The National Shield Forces vs. The STC: This is the most recent and dangerous front. The National Shield, a Saudi-backed paramilitary loyal only to President Al-Alimi, is currently clashing with STC units around the temporary capital of Aden. It is a battle for the “soul” of the anti-Houthi administration.
AQAP vs. Everyone: Al-Qaeda continues to exploit the chaos. They are currently engaged in a shadow war with the STC in the mountains of Shabwah, while occasionally launching suicide attacks against Houthi checkpoints.
The Tihamah Resistance: Along the western coast, local militias refuse to take orders from either the Houthis or the PLC, fighting a localized war of attrition against Houthi incursions into the Red Sea ports.

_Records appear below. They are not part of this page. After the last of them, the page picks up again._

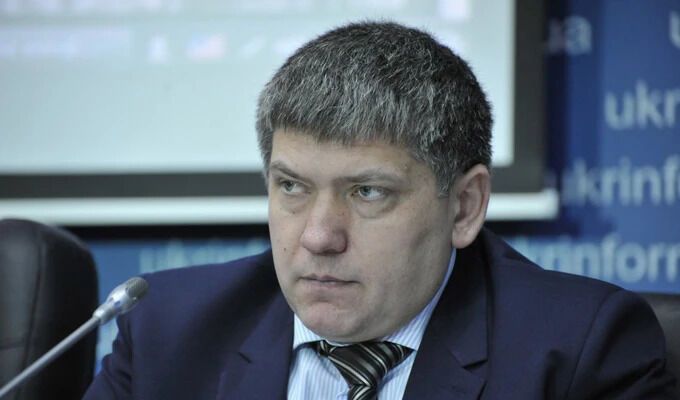 У Верховній Раді з’явилися нові нардепи Рєзнікова та Моркляник: чим вони відомі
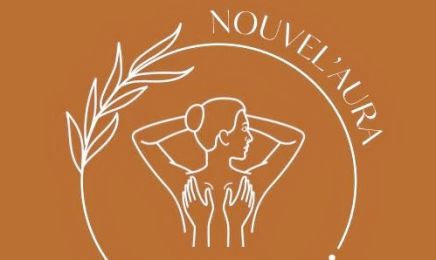 Massage NouveLaura : Institut de beauté à Mimet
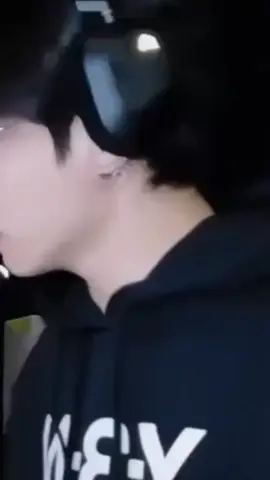 husband jk#jeonjungkook🐰💜 #bts_official_bighit💜 #btsarmy 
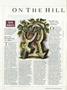Page: - 8 | Dartmouth Alumni Magazine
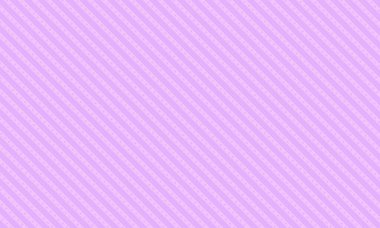 Yatay çizgiler ve hizalanmış yıldız sıralarını birleştiren kusursuz desen, şenlik temaları, arkaplanlar ve grafik projeleri için ideal.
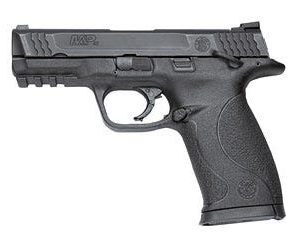 Smith & Wesson M&P 45 For Sale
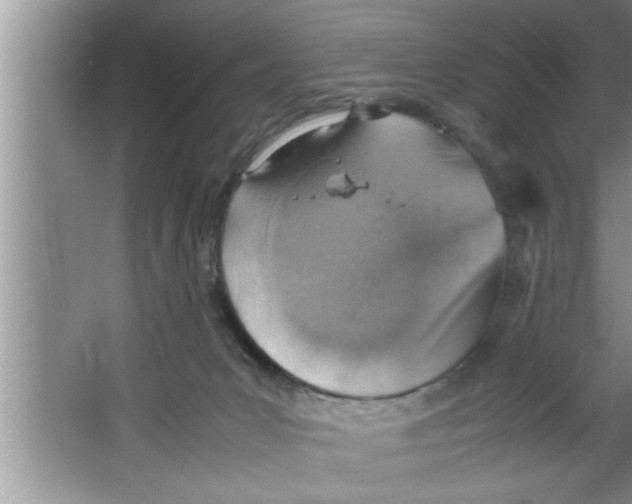 X0000067480031200604281932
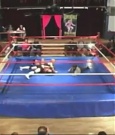Rebecca_Knox_28Becky_Lynch29_vs_Cheerleader_Melissa_2005_0522.jpg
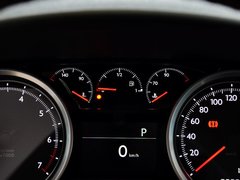 2014款 2.3L 自动 罗兰·加洛斯版
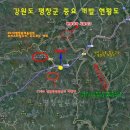 강원똘배랜드(주)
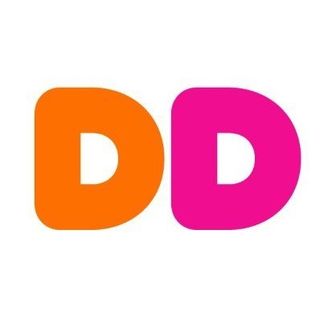 dunkindonutsmoscow.ru dunkindonutsmoscow.ru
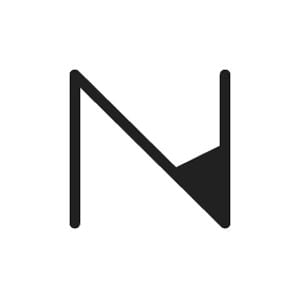 Profile picture for Nasonero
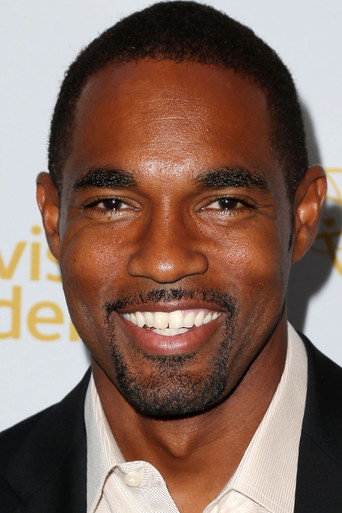 Ảnh của Jason George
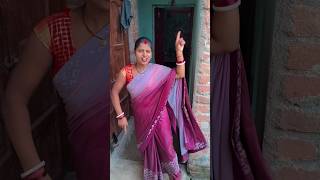 Hamar Piywa Chalawe diesel ⛽ Gadiya #youtube #deepak_raj_yadav #video #song #funny #shots #trending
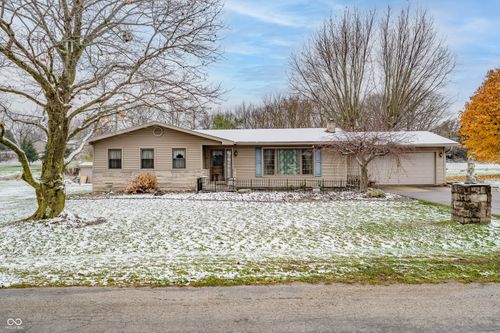 1530 N Terrace Hills Rd, Kendallville, IN, 46755-2548 | Card Image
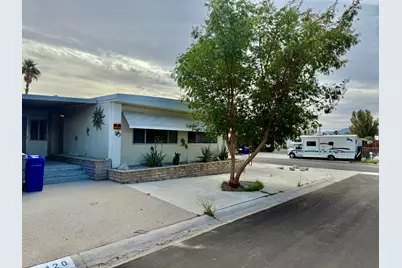 32420 Sonoma Circle, Thousand Palms, CA 92276 - Photo 3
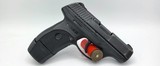 RUGER LC9S - 2 of 7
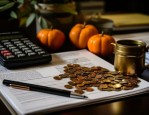 2025年5万元买的基金，竟然没了，这是怎么回事？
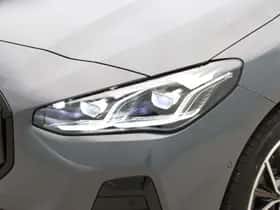 BMW 2-Serie (2026) thumbnail 20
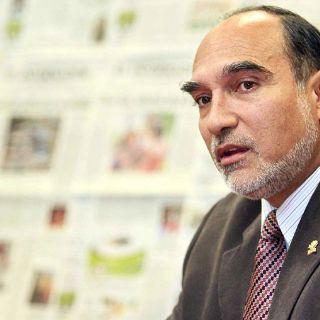 La Isla de Mezcala estará en manos de la comunidad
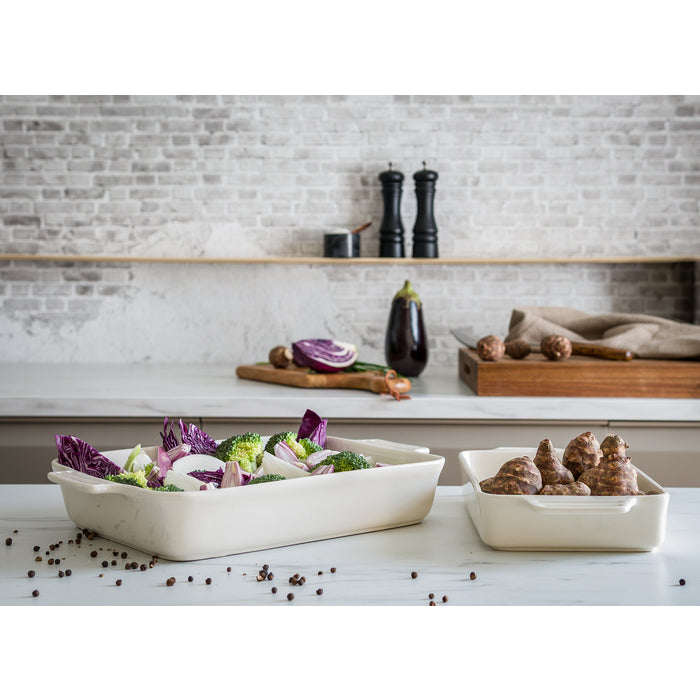 Anders Petter Classic Ugnsform 31,5 cm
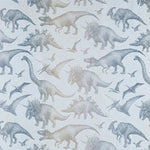 Jurassic Park Ice Desert Woven Wrap by LennyLamb - Woven WrapLittle Zen One5907557782098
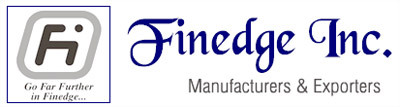 FINEDGE INC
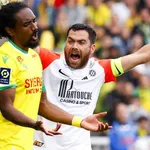 FC Nantes : Moutoussamy lance un appel désespéré au vestiaire des Canaris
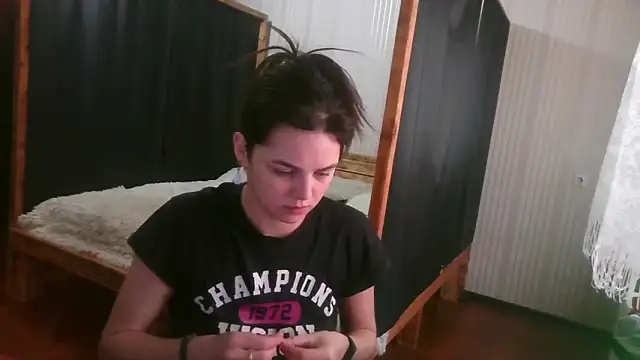 Snapshot of EthelsLover chatting on February 2026 08:54:02 AM EthelsLover online show from February 2026 08:54:02 AM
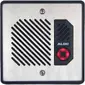 ALGO COMMUNICATION PRODUCTS-8028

One of the most dramatic shifts in 2024 and 2025 has been the direct entry of Israel into the Yemeni theater. Following Houthi drone and missile attacks on Tel Aviv and Eilat, Israel shifted from passive defense to aggressive offense.
The Israeli role is two-fold. Militarily, the IAF has conducted devastating strikes on Houthi political leadership, including the assassination of the Houthi Prime Minister in Sana’a in August 2025. Logistically, Israel had found common ground with the UAE.
Furthermore, the STC has subtly signaled its openness to the Abraham Accords. Aidarus al-Zoubaidi has hinted that an independent South Yemen would be a reliable partner in securing the Red Sea.
Yemen is no longer a country; it is a series of fiefdoms. The 1990 unification is, for all practical purposes, a dead letter. The Houthis have built a proto-state in the North modeled on Hezbollah, while the STC has carved out a maritime republic in the South.
The December 2025 rupture, followed by the UAE’s withdrawal under joint pressure from Riyadh and the PLC, removes the last shred of a unified opposition to the Houthis. As the UAE exits, the humanitarian ledger continues to bleed. According to the World Food Programme, 17 million people are facing severe hunger, and the currency divide has made basic survival a luxury.
The path forward requires a brutal honesty that international diplomacy has lacked. Peace in Yemen cannot be found in a return to the status quo, it requires a multi-party settlement. Until the localized factions stop treating Yemeni soil as a chessboard for their own ambitions, the Gate of Tears will continue to earn its name.